Adoptive Parents May Also Face the Decision to “Abort”
Last week I blogged about the decision to abort when faced with a diagnosis of Down Syndrome. A similar issue arises, perhaps in an even more intense way (if such a thing is possible), with foreign adoption. When you adopt from, say, China, they send you information about the baby that’s been assigned to you, including health information that is not very reliable, to say the least. When you arrive to pick up your baby, you never quite know what you will find. If there are serious health issues or other reasons why adoptive parents might find a child unacceptable, the Chinese authorities will quickly switch the child.
On my first trip to adopt in China, I happened to sit at a table next to another adopting couple from the United States. They were older, with no prior children, and had been assigned a three- or four-year-old girl. If memory serves me correctly, the father was a CEO of a large firm in New Jersey. They seemed like very nice people. The child that was assigned to them was very headstrong. She did not want to go with her adoptive parents and proceeded to throw tantrums, screaming, throwing things and spitting on and punching them for several days. They decided they couldn’t go through with it, and the girl was returned to the orphanage. My understanding is that she would not be eligible for adoption (at least, not internationally) in the future.

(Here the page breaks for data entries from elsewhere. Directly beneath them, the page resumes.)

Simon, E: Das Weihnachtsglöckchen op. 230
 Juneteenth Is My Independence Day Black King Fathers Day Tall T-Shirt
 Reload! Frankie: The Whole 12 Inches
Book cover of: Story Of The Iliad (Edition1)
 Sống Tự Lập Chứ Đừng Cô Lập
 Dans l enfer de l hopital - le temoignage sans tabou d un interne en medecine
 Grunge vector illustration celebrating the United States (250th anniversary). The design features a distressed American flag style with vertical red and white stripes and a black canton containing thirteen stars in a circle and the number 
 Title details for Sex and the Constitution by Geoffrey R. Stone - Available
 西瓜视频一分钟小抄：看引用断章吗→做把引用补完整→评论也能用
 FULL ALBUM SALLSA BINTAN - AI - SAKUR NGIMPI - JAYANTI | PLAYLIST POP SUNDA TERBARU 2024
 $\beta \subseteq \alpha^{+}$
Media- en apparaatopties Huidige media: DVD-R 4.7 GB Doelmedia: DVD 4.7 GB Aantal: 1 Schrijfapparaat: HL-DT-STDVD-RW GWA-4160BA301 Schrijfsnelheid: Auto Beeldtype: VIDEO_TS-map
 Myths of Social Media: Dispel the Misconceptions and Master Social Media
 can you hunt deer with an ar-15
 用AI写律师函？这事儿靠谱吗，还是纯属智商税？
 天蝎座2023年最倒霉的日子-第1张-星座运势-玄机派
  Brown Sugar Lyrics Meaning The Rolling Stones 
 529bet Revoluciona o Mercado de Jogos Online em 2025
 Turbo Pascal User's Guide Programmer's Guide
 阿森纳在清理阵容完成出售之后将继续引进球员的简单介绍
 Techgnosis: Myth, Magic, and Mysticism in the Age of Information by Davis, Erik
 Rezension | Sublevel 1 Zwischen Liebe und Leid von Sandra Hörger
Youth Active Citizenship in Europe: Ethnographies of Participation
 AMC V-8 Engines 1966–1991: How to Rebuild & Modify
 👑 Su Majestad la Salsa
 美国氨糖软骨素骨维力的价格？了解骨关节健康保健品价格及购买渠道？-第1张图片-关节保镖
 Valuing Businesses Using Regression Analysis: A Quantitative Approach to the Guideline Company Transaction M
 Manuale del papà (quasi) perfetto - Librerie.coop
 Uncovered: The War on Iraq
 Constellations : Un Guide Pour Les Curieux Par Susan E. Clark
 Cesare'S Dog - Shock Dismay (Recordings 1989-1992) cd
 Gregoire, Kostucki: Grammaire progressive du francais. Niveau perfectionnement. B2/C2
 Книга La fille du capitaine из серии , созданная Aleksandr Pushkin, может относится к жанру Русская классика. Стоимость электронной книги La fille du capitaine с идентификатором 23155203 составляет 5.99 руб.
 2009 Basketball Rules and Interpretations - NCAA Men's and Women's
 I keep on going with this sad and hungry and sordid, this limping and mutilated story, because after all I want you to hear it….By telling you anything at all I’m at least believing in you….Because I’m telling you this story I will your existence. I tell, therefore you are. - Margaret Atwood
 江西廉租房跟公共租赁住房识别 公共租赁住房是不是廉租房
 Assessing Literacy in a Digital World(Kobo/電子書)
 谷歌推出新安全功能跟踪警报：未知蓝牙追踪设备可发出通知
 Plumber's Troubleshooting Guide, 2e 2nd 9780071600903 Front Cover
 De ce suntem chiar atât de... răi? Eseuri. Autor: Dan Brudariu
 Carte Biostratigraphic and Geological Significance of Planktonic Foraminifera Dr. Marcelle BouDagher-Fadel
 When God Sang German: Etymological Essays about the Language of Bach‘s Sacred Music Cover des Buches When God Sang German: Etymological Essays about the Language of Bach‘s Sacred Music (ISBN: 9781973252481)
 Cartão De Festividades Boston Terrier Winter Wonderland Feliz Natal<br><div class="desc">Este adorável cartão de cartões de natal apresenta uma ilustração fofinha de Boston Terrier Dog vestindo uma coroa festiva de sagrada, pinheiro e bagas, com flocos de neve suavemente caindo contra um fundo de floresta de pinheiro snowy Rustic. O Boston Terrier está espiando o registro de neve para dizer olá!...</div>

The next day, the couple told me, another three-year-old was brought over from an orphanage. The first thing she did when she met them was say, in English, “I love you, Mommy. I love you, Daddy.” The person who had transported the child from the orphanage had taught her the words. She had no idea what she was saying, but it didn’t matter. Needless to say, this little girl went home with them to New Jersey.
Almost seven years have passed since I shared breakfast with that New Jersey couple, yet I think about them often, and when I do, my eyes always fill with tears. I think about the little girl, now ten, living in a Chinese orphanage never knowing the life she missed. Should a three-year-old be punished for being attached to her caretakers in the orphanage? What if the New Jersey couple had just held out a little longer? Mostly, though, I think about how the second child learned those words in the cab, and how different her life is now because that first child put up such a fight. Strangely, I never think much about the decision the couple made with the first child, or whether I would have done the same thing myself. I only think about the children.
Not everyone makes the same choice as this couple. Yesterday The New York Times ran a wonderful, emotionally wrenching story about this sort of life-defining choice by another couple who had adopted from China. It is well worth reading.